Start of Block

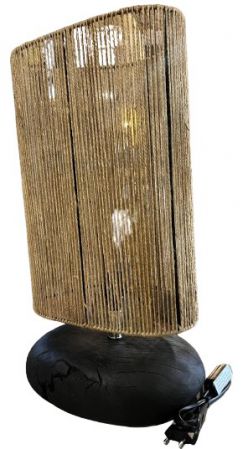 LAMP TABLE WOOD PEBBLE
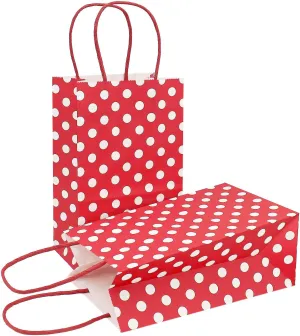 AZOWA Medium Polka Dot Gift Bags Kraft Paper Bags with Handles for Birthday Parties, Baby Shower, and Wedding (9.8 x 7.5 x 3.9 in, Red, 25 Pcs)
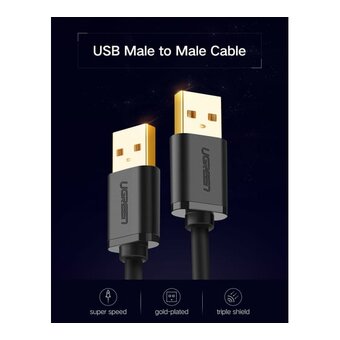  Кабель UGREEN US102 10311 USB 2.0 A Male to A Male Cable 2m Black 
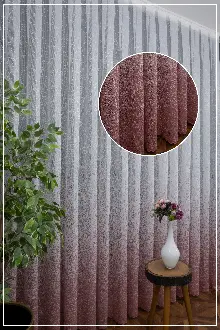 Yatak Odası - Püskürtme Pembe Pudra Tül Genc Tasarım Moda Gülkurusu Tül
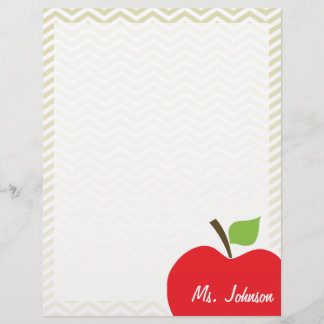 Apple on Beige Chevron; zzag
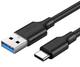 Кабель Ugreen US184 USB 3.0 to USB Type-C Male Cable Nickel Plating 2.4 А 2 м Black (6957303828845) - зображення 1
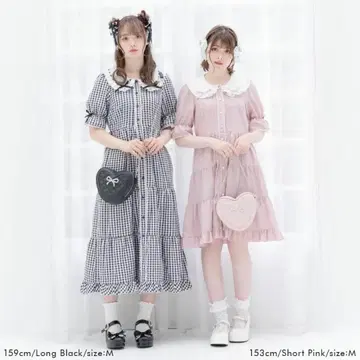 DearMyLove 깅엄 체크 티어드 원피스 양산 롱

End of Block
Start of Block

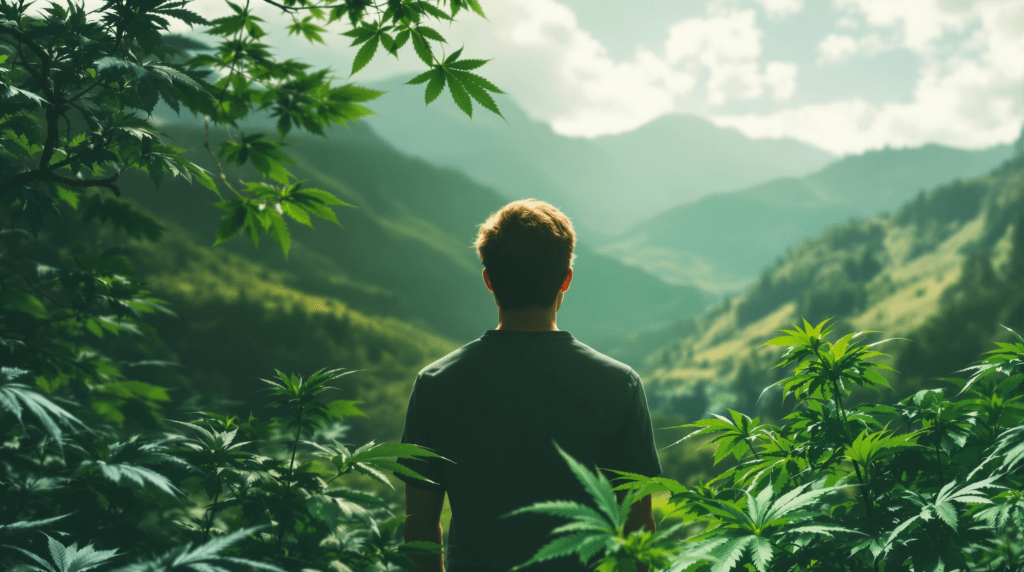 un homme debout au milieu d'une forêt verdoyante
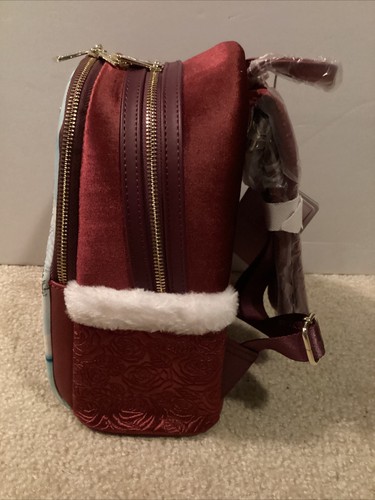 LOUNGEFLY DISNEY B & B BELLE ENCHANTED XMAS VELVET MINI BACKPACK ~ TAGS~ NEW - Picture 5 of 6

End of Block

DESCRIPTION OF THE TASK
Above are entries with pictures among them. Write out exactly the lines from the one containing "LAMP TABLE WOOD PEBBLE" through the one containing "DearMyLove 깅엄 체크 티어드 원피스 양산 롱", ends included, and leave those pictures out.

ANSWER FOR THIS EXERCISE
 LAMP TABLE WOOD PEBBLE
 AZOWA Medium Polka Dot Gift Bags Kraft Paper Bags with Handles for Birthday Parties, Baby Shower, and Wedding (9.8 x 7.5 x 3.9 in, Red, 25 Pcs)
  Кабель UGREEN US102 10311 USB 2.0 A Male to A Male Cable 2m Black 
 Yatak Odası - Püskürtme Pembe Pudra Tül Genc Tasarım Moda Gülkurusu Tül
 Apple on Beige Chevron; zzag
 Кабель Ugreen US184 USB 3.0 to USB Type-C Male Cable Nickel Plating 2.4 А 2 м Black (6957303828845) - зображення 1
 DearMyLove 깅엄 체크 티어드 원피스 양산 롱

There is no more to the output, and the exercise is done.